One wall in the cafe is covered with black-and-white photographs of family members to recognize the family’s Cuban roots. “It’s covered in photos of inspirational relatives” as a tribute, Martinez-Sperry said.

“I think this generation coming from Cuba, and all that sacrifice and all the changes that they had to make, they had to start from scratch when they got to Miami,” Martinez-Sperry said. “They are all professionals that had their whole life settled, and everything was good. And they had gone to college and everything, and then they just had to get up and leave without anything. It’s really admirable.”

'Thankful'

Martinez-Sperry’s mother, now 88, “hasn’t been feeling great” and “she’s just not feeling that she wants to leave the house” for Thanksgiving. The family decided the week prior to not get together, as tradition, for the holiday.

The pair’s connection had led Martinez-Sperry to this point, she said.

“My mom is the definition of strength and selflessness, and that’s what she’s represented for me all my life,” she said. “She’s been the strongest woman I’ve ever met and the hardest-working woman, and she instilled that in her daughter.”

Betty Martinez-Sperry taking an order at Cousins Cuban Cafe on Nov. 20, 2020.

The family had moved her mother up to Marion from Miami after pandemic restrictions began. Before the move, Martinez-Sperry didn’t know if her mother would have the opportunity to see the cafe as “she’s the only one still alive of that generation of our parents that came over from Cuba in 1961.”

Now an integral part of the cafe’s operations, Martinez-Sperry is “thrilled” to work with her mother again. Though they sometimes clash, “we just respect each other so much.”

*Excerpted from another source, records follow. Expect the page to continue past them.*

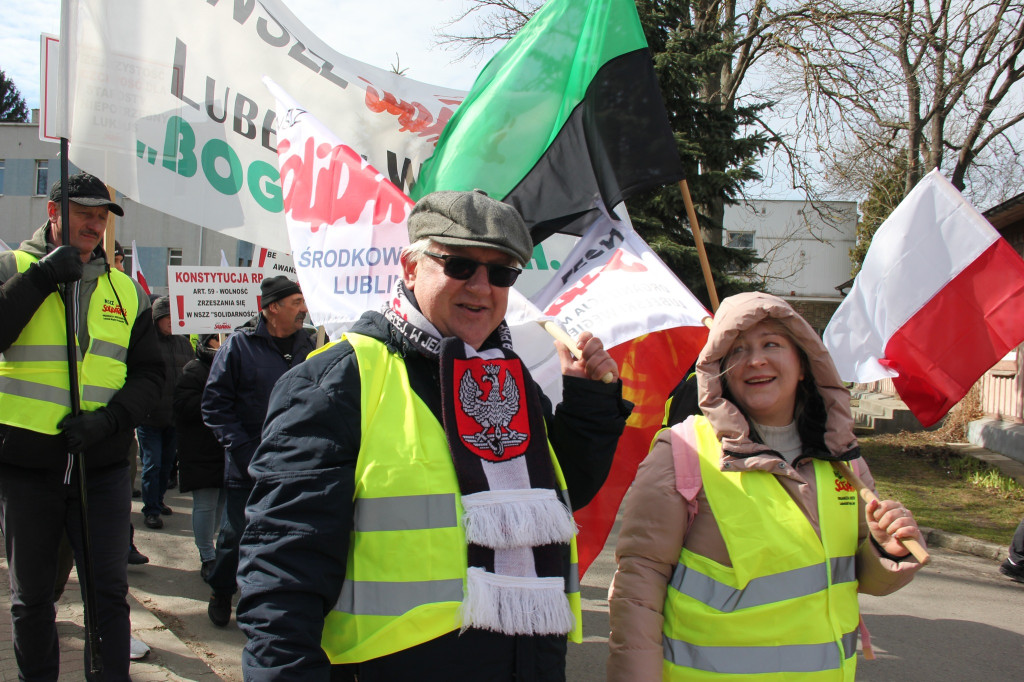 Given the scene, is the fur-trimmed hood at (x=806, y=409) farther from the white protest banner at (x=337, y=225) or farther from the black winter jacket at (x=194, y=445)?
the black winter jacket at (x=194, y=445)

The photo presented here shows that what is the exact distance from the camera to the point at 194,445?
5.37m

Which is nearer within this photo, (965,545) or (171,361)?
(965,545)

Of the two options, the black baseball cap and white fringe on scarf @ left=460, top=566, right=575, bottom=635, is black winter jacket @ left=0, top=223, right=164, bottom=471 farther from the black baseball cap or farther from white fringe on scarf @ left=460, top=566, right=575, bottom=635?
white fringe on scarf @ left=460, top=566, right=575, bottom=635

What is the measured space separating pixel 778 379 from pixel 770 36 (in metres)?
14.9

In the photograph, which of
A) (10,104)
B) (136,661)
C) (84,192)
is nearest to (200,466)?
(136,661)

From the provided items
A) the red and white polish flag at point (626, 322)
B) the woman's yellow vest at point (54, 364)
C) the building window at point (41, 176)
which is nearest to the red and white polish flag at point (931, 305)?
the red and white polish flag at point (626, 322)

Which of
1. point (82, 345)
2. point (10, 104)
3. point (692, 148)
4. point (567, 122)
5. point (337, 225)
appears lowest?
point (82, 345)

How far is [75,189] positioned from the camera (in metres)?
3.30

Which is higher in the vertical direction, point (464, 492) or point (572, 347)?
point (572, 347)

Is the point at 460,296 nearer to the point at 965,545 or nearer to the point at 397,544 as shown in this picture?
the point at 397,544

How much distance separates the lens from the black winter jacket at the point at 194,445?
533cm

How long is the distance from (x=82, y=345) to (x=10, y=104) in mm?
56352

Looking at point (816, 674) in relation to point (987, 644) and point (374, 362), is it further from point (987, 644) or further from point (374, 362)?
point (987, 644)

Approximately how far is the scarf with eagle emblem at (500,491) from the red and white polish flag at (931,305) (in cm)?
265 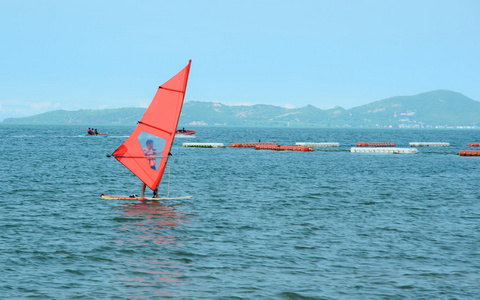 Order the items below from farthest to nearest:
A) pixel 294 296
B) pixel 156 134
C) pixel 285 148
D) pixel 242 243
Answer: pixel 285 148 → pixel 156 134 → pixel 242 243 → pixel 294 296

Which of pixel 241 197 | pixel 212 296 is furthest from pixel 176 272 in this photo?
pixel 241 197

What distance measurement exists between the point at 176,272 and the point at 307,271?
473cm

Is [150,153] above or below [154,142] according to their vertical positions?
below

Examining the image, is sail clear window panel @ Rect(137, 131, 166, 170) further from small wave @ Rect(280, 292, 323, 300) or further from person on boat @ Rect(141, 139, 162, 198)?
small wave @ Rect(280, 292, 323, 300)

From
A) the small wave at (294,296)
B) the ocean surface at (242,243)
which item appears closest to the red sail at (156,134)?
the ocean surface at (242,243)

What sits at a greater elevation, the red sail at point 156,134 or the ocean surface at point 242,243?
the red sail at point 156,134

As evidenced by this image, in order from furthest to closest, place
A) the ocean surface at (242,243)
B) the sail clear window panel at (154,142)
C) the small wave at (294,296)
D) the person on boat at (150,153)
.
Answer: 1. the person on boat at (150,153)
2. the sail clear window panel at (154,142)
3. the ocean surface at (242,243)
4. the small wave at (294,296)

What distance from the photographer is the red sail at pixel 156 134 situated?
2991cm

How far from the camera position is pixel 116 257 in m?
19.9

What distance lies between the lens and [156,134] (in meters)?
30.5

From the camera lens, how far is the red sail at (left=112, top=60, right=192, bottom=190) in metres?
29.9

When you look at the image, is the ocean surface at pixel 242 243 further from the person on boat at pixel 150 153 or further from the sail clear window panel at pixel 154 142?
→ the sail clear window panel at pixel 154 142

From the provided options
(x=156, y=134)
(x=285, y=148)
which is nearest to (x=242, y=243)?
(x=156, y=134)

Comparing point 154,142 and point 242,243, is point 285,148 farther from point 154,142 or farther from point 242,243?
point 242,243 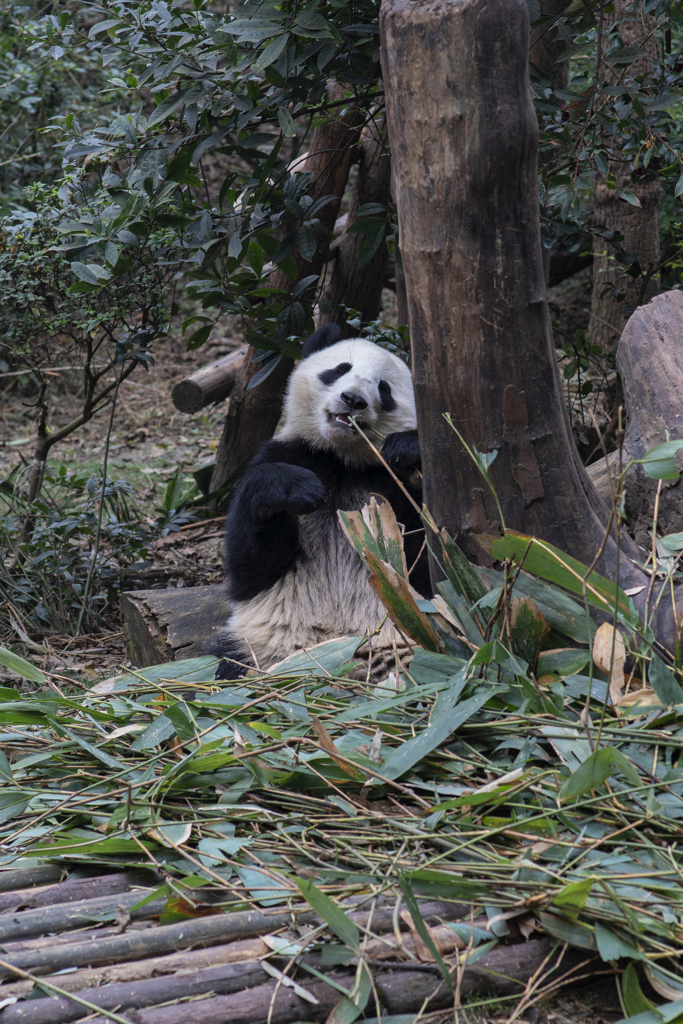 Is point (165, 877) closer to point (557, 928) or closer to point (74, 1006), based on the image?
point (74, 1006)

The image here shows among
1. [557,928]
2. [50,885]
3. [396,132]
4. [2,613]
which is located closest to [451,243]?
[396,132]

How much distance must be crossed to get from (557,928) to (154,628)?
261 centimetres

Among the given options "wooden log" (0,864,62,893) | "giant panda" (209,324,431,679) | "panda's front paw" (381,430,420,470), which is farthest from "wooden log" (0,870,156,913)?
"panda's front paw" (381,430,420,470)

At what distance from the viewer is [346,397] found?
3.21m

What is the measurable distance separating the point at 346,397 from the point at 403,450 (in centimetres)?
43

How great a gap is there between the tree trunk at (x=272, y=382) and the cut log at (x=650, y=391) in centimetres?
187

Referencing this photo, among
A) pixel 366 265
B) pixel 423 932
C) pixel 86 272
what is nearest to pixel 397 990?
pixel 423 932

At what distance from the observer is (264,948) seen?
1403mm

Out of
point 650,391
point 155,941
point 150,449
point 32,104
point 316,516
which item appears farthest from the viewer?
point 32,104

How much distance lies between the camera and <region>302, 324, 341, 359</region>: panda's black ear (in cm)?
358

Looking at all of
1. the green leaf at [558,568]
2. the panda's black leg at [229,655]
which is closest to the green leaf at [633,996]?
the green leaf at [558,568]

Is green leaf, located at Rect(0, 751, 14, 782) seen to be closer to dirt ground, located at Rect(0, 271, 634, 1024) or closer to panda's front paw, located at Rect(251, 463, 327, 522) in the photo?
dirt ground, located at Rect(0, 271, 634, 1024)

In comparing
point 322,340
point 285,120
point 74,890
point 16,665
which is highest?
point 285,120

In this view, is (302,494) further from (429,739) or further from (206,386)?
(206,386) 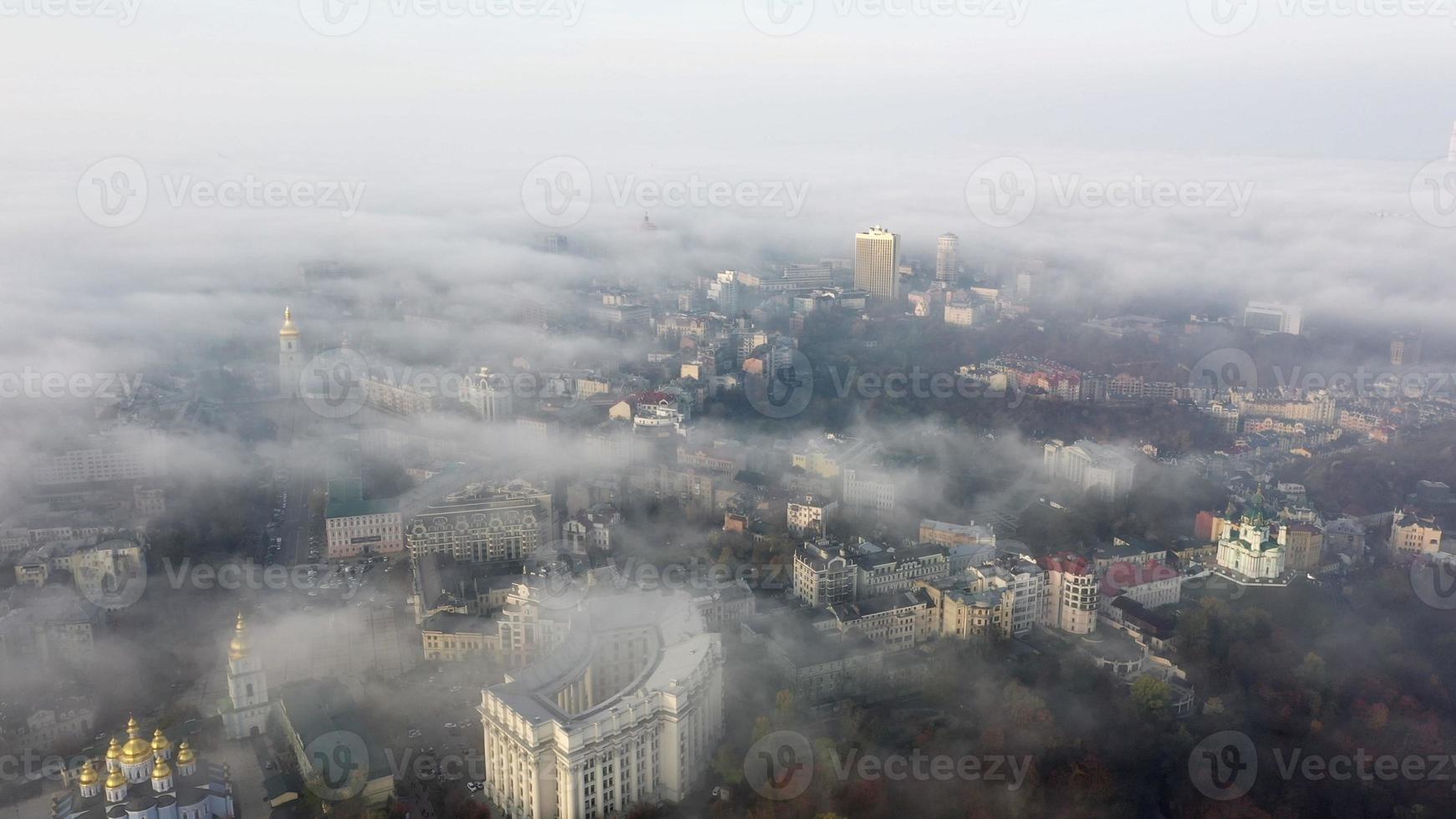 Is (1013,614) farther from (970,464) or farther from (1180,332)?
(1180,332)

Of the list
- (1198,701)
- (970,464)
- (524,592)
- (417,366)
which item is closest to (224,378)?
(417,366)

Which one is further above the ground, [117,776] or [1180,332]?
[1180,332]

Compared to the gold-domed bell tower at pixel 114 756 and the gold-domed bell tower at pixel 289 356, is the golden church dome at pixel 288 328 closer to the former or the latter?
the gold-domed bell tower at pixel 289 356

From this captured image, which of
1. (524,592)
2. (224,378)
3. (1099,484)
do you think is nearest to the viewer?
(524,592)

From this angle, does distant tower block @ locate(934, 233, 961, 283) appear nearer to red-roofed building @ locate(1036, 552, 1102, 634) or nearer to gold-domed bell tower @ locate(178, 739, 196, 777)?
red-roofed building @ locate(1036, 552, 1102, 634)

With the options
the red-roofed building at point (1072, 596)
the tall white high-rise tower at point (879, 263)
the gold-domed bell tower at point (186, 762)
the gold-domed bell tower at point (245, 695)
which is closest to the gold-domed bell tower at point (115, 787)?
the gold-domed bell tower at point (186, 762)

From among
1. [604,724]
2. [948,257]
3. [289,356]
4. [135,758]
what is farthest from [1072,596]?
[948,257] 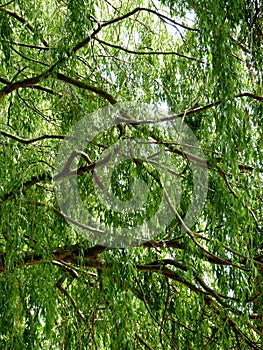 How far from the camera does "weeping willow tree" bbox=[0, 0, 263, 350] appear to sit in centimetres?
271

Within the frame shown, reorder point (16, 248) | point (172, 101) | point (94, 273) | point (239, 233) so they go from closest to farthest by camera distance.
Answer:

With the family not coming together for the holidays, Martinez-Sperry reminisces when everyone would get together for New Year’s Day.  She says she’s thankful for the opportunity to be together working in a cafe, and “at the end of the day, family comes first.”

“We’re all in this together now, and we’re really loving it,” she said. “We’re enjoying it, and I think the customers do, too, when they come in and experience it.”

Absent from the aroma of her Cuban traditions when entering the cafe are the memories that Martinez-Sperry and her family put into the food.

She says she’s thankful for everything.

“Family is everything to me,” she said. “I’ve been fortunate to be brought up in a very loving family, and it’s everything to me.”